Hey folks! Nick-E here.
Wow, last workout of the Build-up to the full Primer routine! Pretty exciting stuff. Now that you’re about to leave the nest
Today we’ll be doing:
– Some reading on the limits and possibilities of “bodyweight only” training.
– Another workout!
Today’s Learning: The Possibilities and Limits of BWF Training
There is a lot that you can achieve with BWF. Many enthusiasts and fans on BWF-only training may say that the scope for progression with bodyweight fitness is endless, and pretty much anything you can achieve with other modes of training (e.g. weight training) can also be achieved with BWF. This, like many wide, sweeping statements of its kind, is a sort of half-truth. BWF is an extremely useful and fun way of training.
One of the big questions people often have is: “Can I get strong with BWF? Can I build muscle?”.

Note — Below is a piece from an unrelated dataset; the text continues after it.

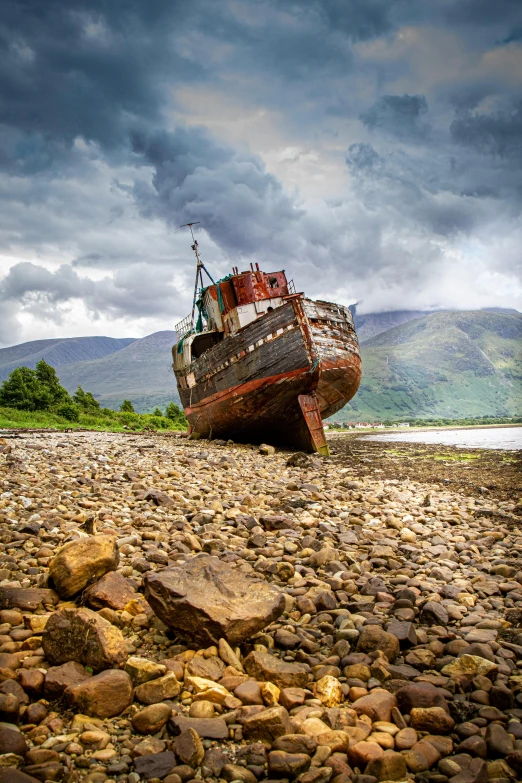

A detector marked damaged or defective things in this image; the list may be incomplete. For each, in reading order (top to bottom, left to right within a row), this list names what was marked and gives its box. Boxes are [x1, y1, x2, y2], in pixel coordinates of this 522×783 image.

rusty boat hull [173, 294, 360, 454]
rusted red hull [173, 296, 360, 454]
peeling paint on hull [173, 296, 360, 454]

The answer is of course, yes. Ultimately, resistance is resistance. Your body cannot tell whether the hard thing you are making it do is coming from an external weight, or your own body. All you need to do to prove this is to look at the endless number of people on the /r/bodyweightfitness subreddit, on Youtube, and on Instagram that train purely (or at least mostly) with bodyweight that are very strong and have great physiques. Not only that, but for a modest gain in strength and muscle that most people will be looking for, BWF is more than enough.

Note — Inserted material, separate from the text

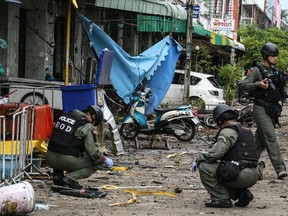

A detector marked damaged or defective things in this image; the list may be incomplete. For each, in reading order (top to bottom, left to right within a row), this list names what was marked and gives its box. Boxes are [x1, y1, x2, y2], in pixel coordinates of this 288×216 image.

damaged blue tarp [78, 13, 182, 115]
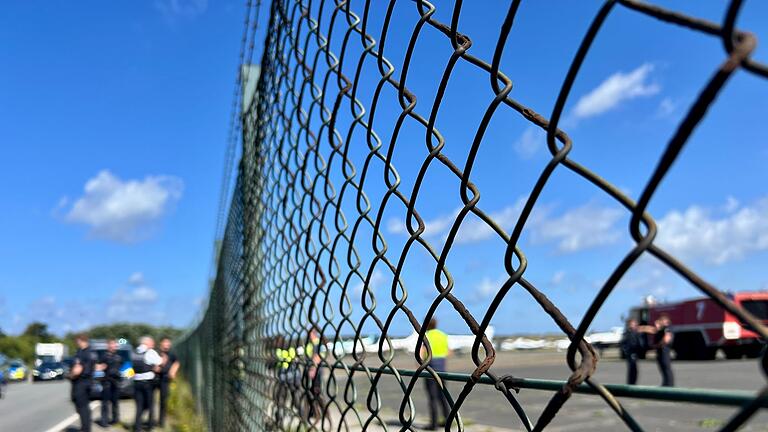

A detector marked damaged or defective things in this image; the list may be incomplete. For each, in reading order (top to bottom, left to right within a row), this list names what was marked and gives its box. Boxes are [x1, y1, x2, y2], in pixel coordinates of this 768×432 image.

rusty fence wire [176, 0, 768, 430]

However, BWF will never be exactly as good as weight training for getting stronger and gaining muscle, which will be relevant to those who have somewhat loftier strength and muscle gain related goals, purely because of a few reasons:
Limit #1: The Convenience of Incremental Progressive Overload
With weight training, you can incrementally adjust the difficulty of an exercise by very small amounts (down to the difference of 1kg or even 0.5kg in some cases) which makes it much easier to progressively overload, and tailor the intensity of exercises specifically to exactly what you want.
With bodyweight training, the jumps in difficulty between different exercises are much larger and so can’t be individually micromanaged as well, and a great deal of rep progression must occur in order to bridge the gap between progressions. This is, generally speaking, a ‘clumsier’ way of going about it.
Limit #2: Training with Leverages
We’ve established that you only weigh so much, and the way you get around that is by playing with leverages. Well that’s a great workaround for a time, but once you advance to a certain level of strength, continuing to manipulate leverages any further begins to create a more than proportional strain on the passive connective tissues in most cases. This means that the ceiling/limiter to your progress will not be your muscular strength or size, but rather the integrity and strength of your tendons. This means after a certain level of strength, in order to keep progressing, your body won’t really need more muscle, it will need stronger tendons. And that will slow your progress considerably because tendons take about (this is an estimate from memory, someone give me a citation on this!) 6-12 times longer to heal/build up than muscle does.
Limit #3: Not as much scope for isolations in BWF
Isolation training refers to exercises that only work one joint/muscle at a time. Compound exercises are exercises that work multiple joints/muscles at a time. Every exercise you currently do in this program is a compound exercise, and relatively few isolation exercises exist in BWF. Of those that do exist, they suffer from the same issues outlined in #1 and #2 above, but perhaps moreso.
In weight training programs, Isolations usually go at the end of a workout once you have already significantly worked yourself with compounds, to add extra stimulus to the muscles without as much fatigue and wear on the body as adding more compounds would do. You can think of isolations as the frosting on the cake. Cake is still good on its own, but with frosting its a lot better.
While you can obviously get stronger, and build muscle without isolations, many would say you are seriously missing out by not including them.–All 3 limits above considered, you will find that if you have lofty goals for strength and muscle gain, at some point you will have to move on from pure-BWF in order to keep going up. That does not mean abandoning BWF completely, it just means you will have to start using weights as well, at the very least. Whether that means using weights to make your BWF exercises harder, or starting to do more traditional dumbbell and/or barbell exercises, that will be up to you, and you can cross that bridge when you come to it.
Not-Limit #4: The above limits probably don’t matter for most of you reading!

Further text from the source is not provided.